Correctness Verification of Neural Networks Approximating Differential Equations
This work aims to enhance trustworthiness and accelerate deployment of neural networks in safety-critical systems, such as simulation software, by providing a verification method, though it is incremental in nature.
The paper tackles the problem of verifying neural networks that approximate solutions to partial differential equations, addressing challenges in bounding these functions and representing their derivatives, and proposes a framework using a parallel branching algorithm with CROWN and Gradient Attack for domain rejection.
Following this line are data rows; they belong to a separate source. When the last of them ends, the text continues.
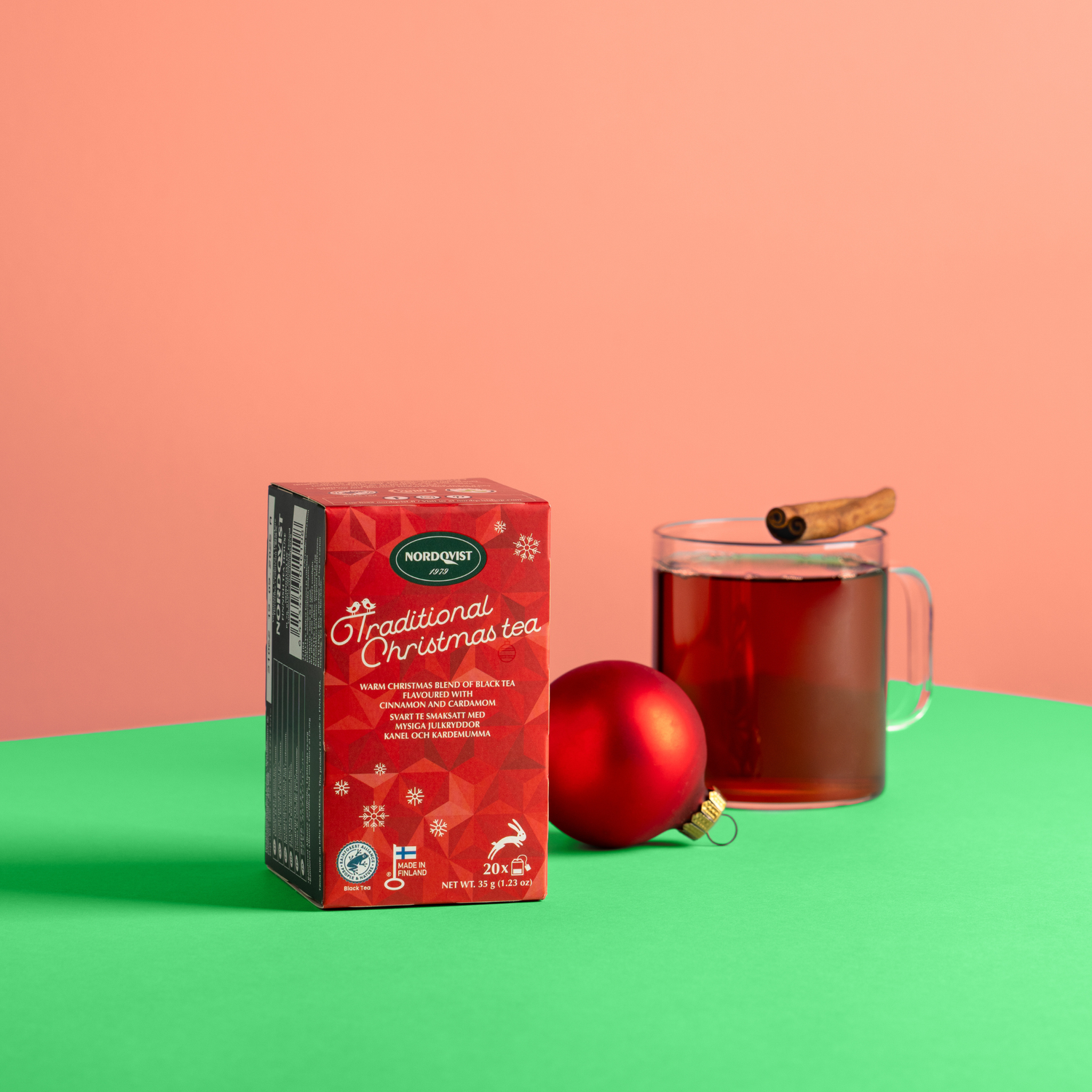 Traditional Christmas Tea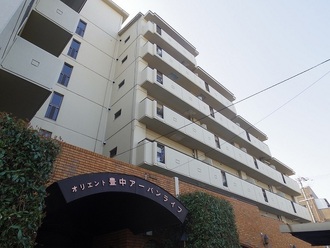 オリエント豊中アーバンライフの外観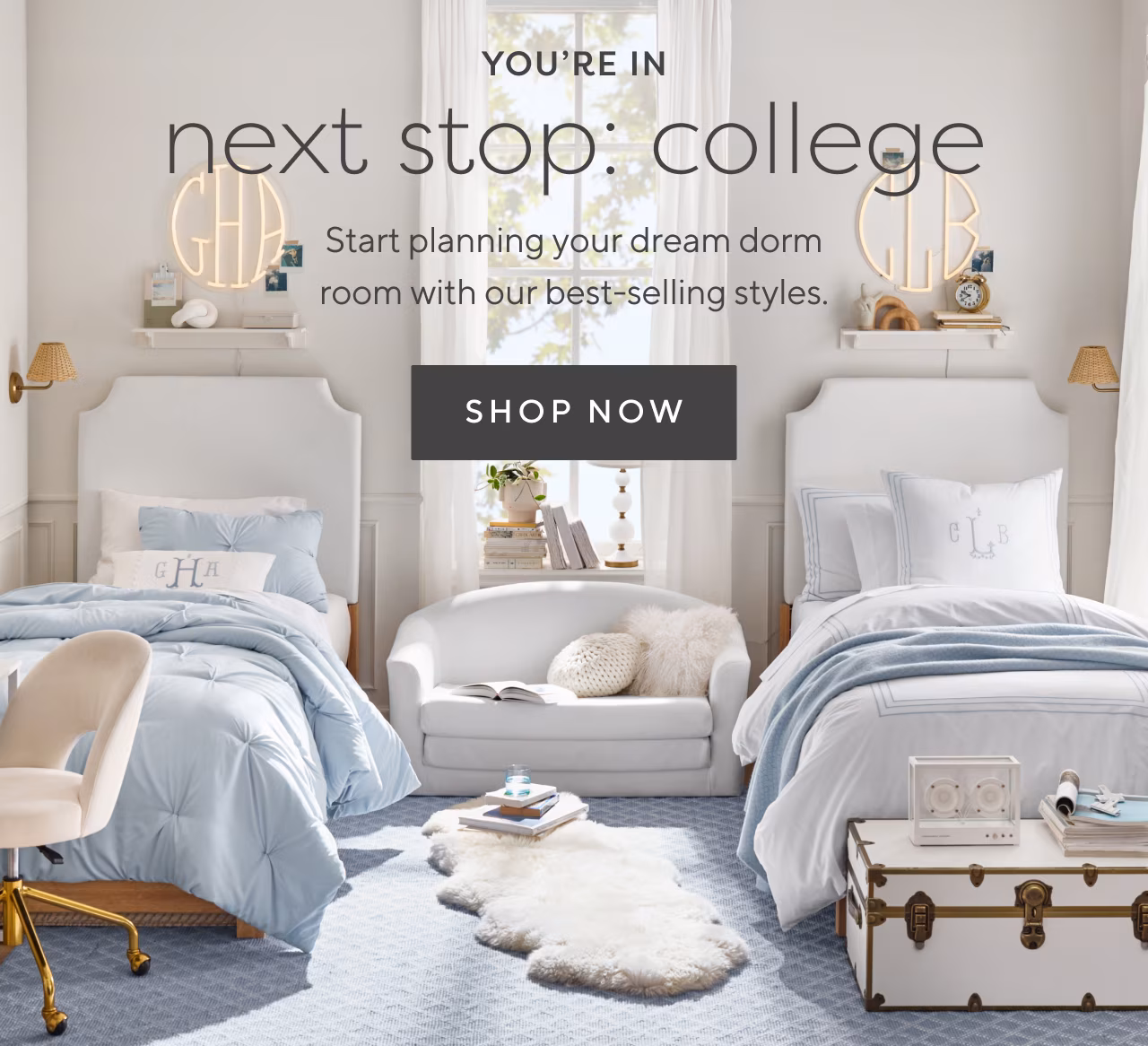 Early college acceptances are here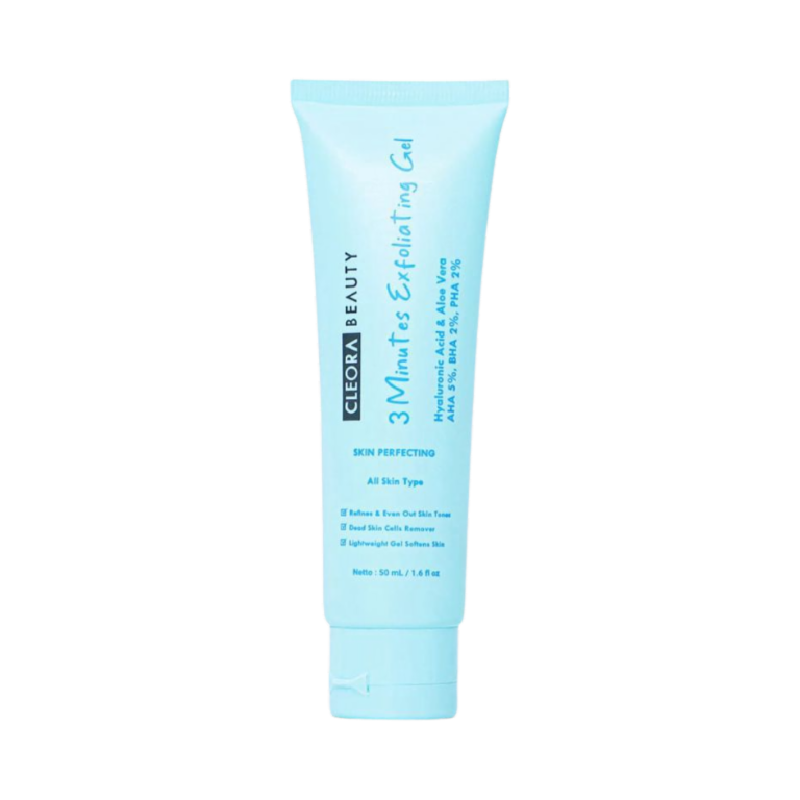 CLEORA 3 Minutes Exfoliating Gel - 50ml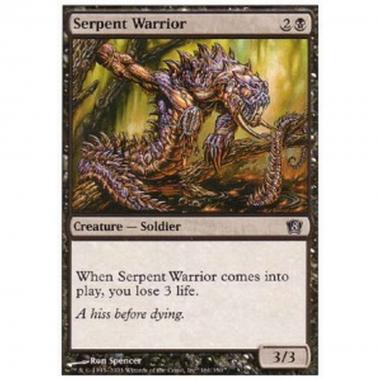 Serpent Warrior - Serpent Warrior - [8ED] [NM]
Verification of Neural Networks (NNs) that approximate the solution of Partial Differential Equations (PDEs) is a major milestone towards enhancing their trustworthiness and accelerating their deployment, especially for safety-critical systems. If successful, such NNs can become integral parts of simulation software tools which can accelerate the simulation of complex dynamic systems more than 100 times. However, the verification of these functions poses major challenges; it is not straightforward how to efficiently bound them or how to represent the derivative of the NN. This work addresses both these problems. First, we define the NN derivative as a finite difference approximation. Then, we formulate the PDE residual bounding problem alongside the Initial Value Problem's error propagation. Finally, for the first time, we tackle the problem of bounding an NN function without a priori knowledge of the output domain. For this, we build a parallel branching algorithm that combines the incomplete CROWN solver and Gradient Attack for termination and domain rejection conditions. We demonstrate the strengths and weaknesses of the proposed framework, and we suggest further work to enhance its efficiency.